MATERIAL SUPPLIED:
BEGIN
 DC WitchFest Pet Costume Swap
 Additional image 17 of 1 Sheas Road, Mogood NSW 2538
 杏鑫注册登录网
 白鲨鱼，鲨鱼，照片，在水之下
END
BEGIN
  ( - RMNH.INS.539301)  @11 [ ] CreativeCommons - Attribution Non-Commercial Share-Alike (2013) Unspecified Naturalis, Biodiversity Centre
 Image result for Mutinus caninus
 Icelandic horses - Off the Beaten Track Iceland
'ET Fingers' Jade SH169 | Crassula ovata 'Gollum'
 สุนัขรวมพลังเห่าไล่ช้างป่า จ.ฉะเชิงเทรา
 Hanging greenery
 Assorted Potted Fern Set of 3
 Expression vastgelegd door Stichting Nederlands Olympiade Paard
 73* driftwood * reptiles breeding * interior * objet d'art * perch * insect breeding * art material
END
WHAT IS EXPECTED: Please reproduce the lines from the line with "DC WitchFest Pet Costume Swap" to the line with "白鲨鱼，鲨鱼，照片，在水之下", both ends included, exactly as they appear above.

SOLVED EXERCISE:
 DC WitchFest Pet Costume Swap
 Additional image 17 of 1 Sheas Road, Mogood NSW 2538
 杏鑫注册登录网
 白鲨鱼，鲨鱼，照片，在水之下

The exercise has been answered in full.